Records for the exercise:
..............................

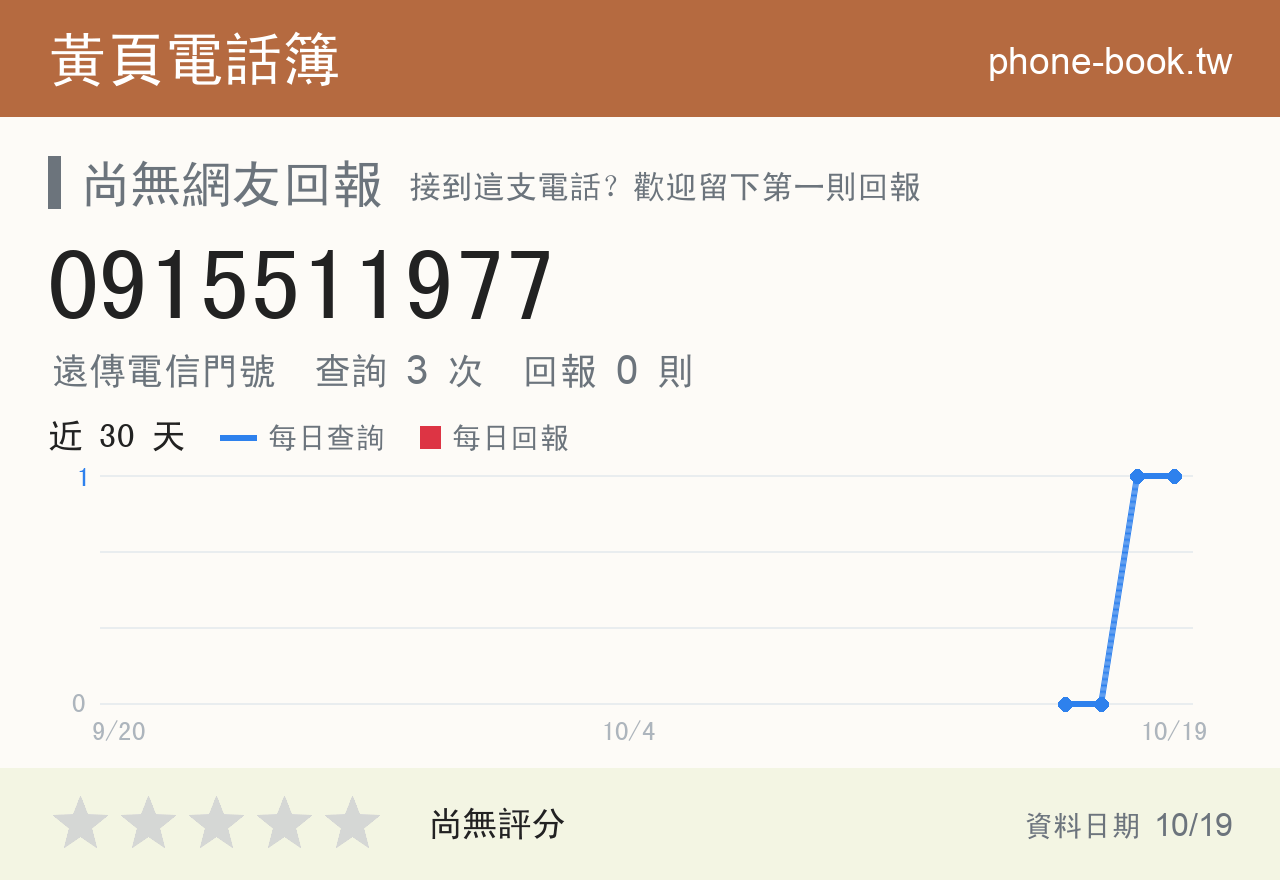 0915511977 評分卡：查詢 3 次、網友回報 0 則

..............................

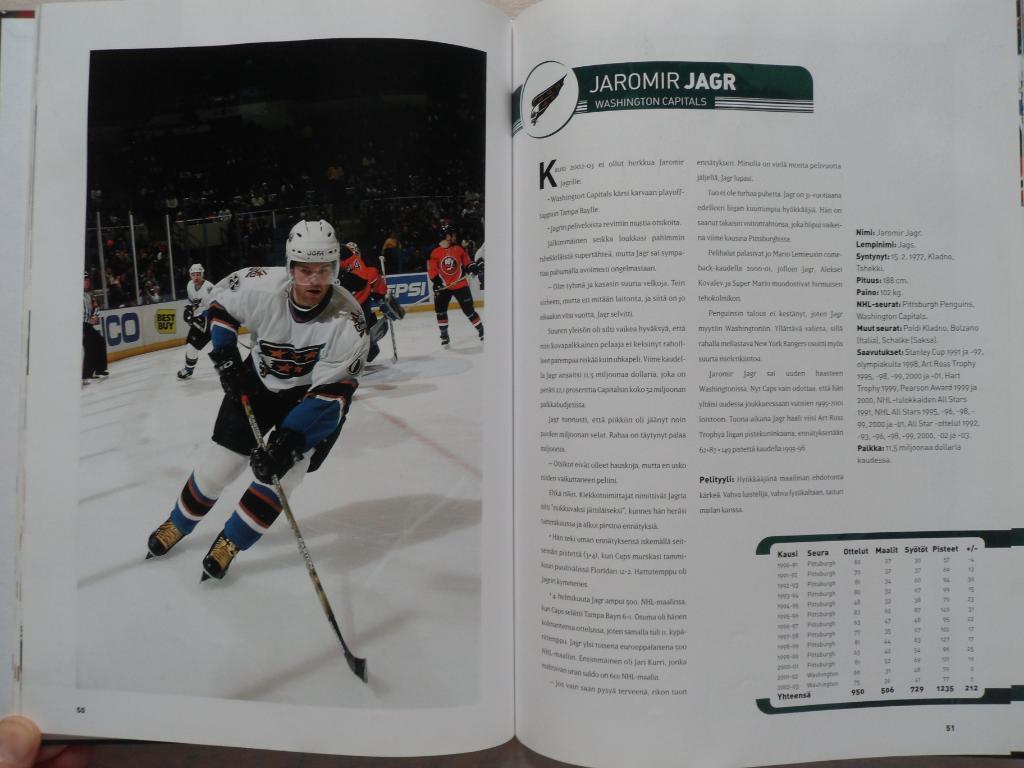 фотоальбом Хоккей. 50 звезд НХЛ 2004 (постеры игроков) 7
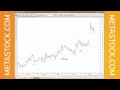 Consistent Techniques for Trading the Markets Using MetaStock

..............................

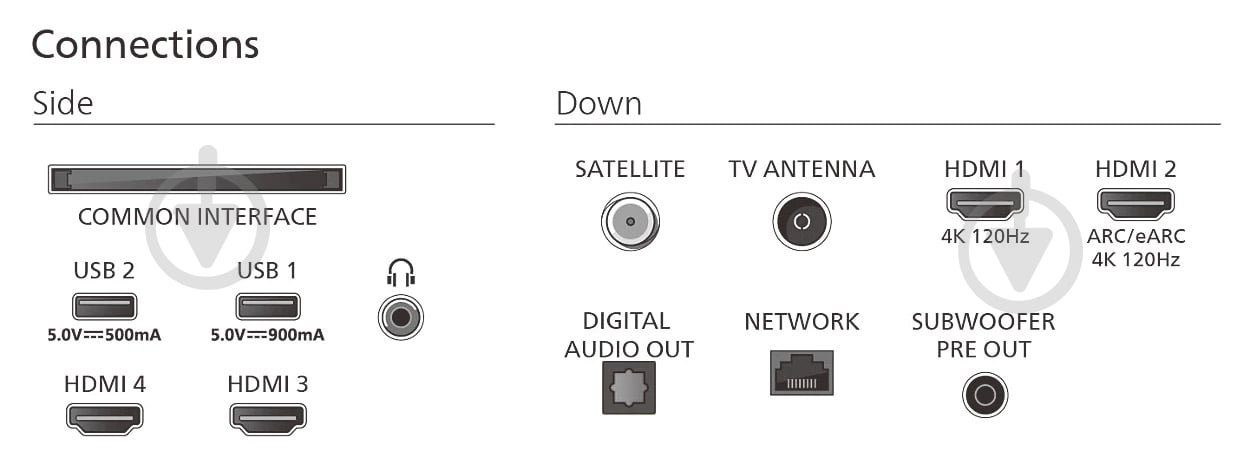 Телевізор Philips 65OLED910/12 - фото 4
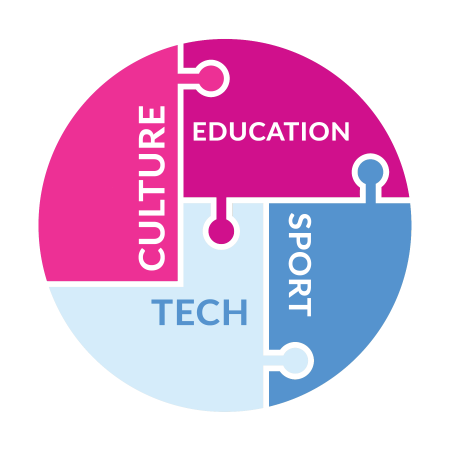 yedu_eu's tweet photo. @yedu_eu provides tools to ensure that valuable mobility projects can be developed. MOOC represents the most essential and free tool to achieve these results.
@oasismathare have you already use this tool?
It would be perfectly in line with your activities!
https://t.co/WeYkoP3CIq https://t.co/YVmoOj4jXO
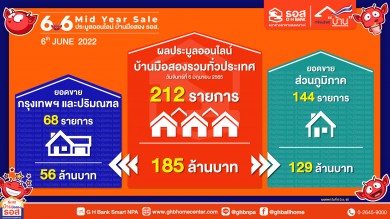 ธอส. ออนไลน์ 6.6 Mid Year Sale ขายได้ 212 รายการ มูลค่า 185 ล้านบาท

..............................

What this task involves:
Copy only this from above: the line containing "use this tool?", the line containing "ธอส. ออนไลน์ 6.6", and all lines between, printed exactly. Leave out the pictures.

Worked solution:
@oasismathare have you already use this tool?
It would be perfectly in line with your activities!
https://t.co/WeYkoP3CIq https://t.co/YVmoOj4jXO
 ธอส. ออนไลน์ 6.6 Mid Year Sale ขายได้ 212 รายการ มูลค่า 185 ล้านบาท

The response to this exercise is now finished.